Work instruction
When copying the listing below, skip every picture and keep each word as it stands.

Supplied material
######

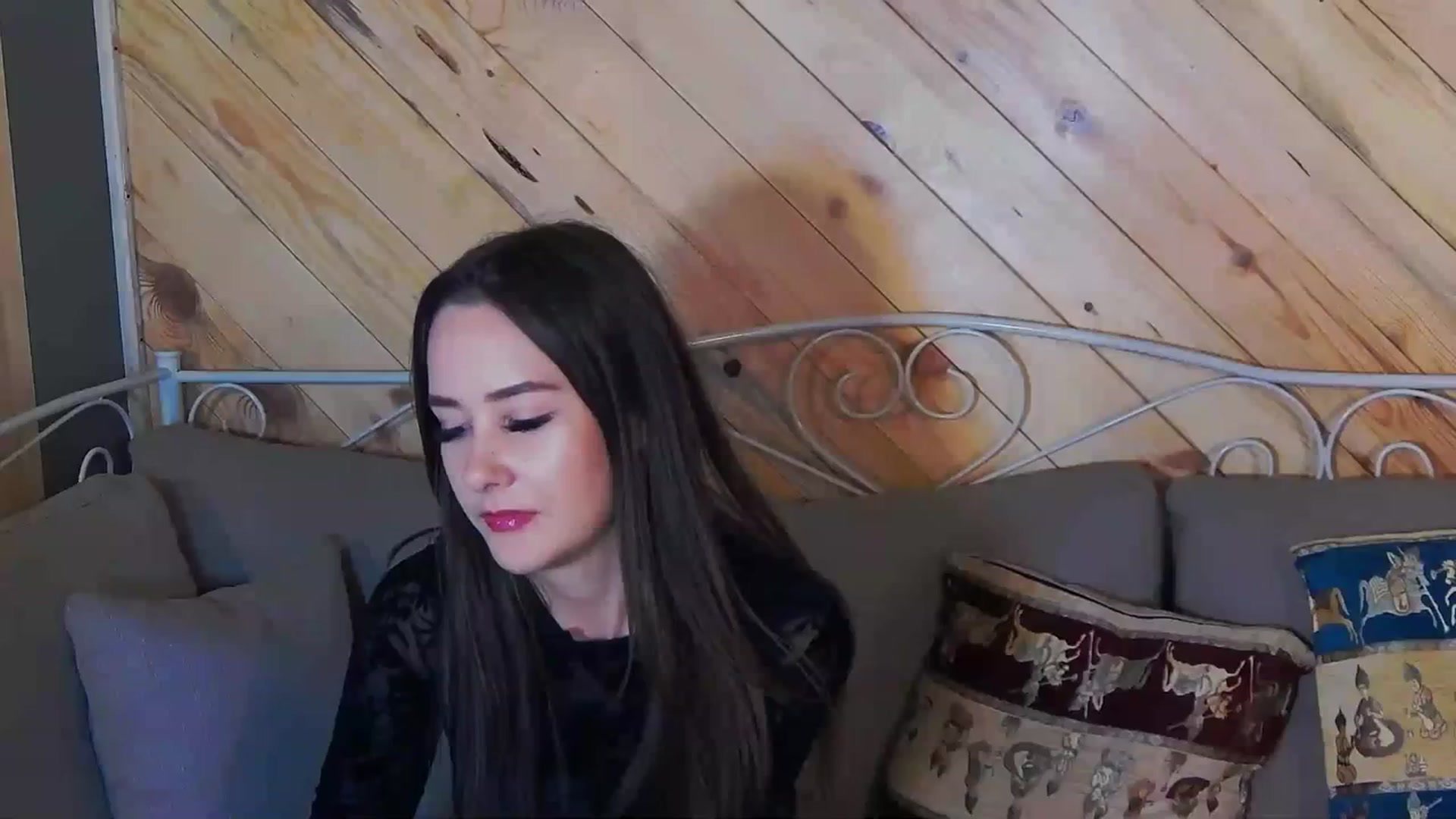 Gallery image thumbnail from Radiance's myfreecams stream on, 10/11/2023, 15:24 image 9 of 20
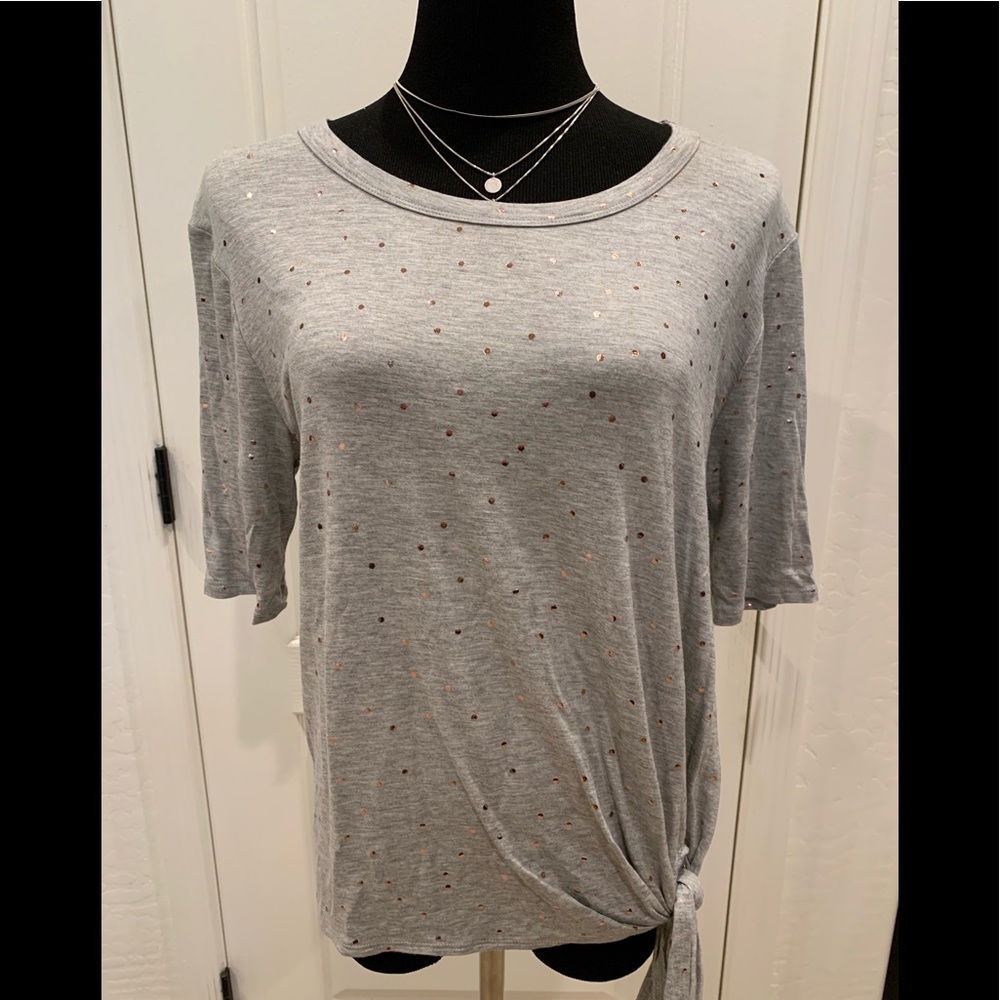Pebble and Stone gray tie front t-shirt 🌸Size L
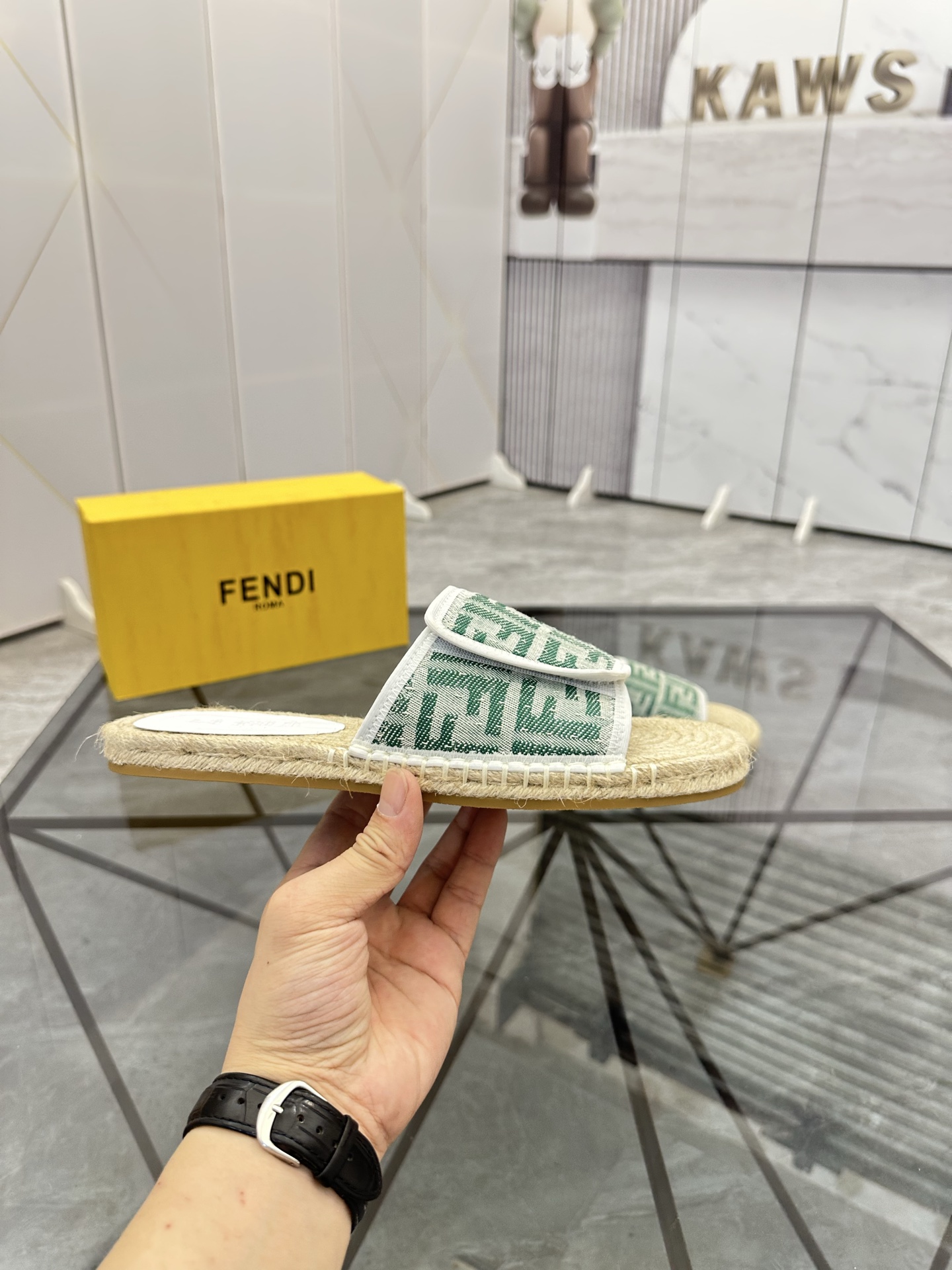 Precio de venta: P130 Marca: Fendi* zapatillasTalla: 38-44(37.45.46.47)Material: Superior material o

######

Task output
 Gallery image thumbnail from Radiance's myfreecams stream on, 10/11/2023, 15:24 image 9 of 20
Pebble and Stone gray tie front t-shirt 🌸Size L
 Precio de venta: P130 Marca: Fendi* zapatillasTalla: 38-44(37.45.46.47)Material: Superior material o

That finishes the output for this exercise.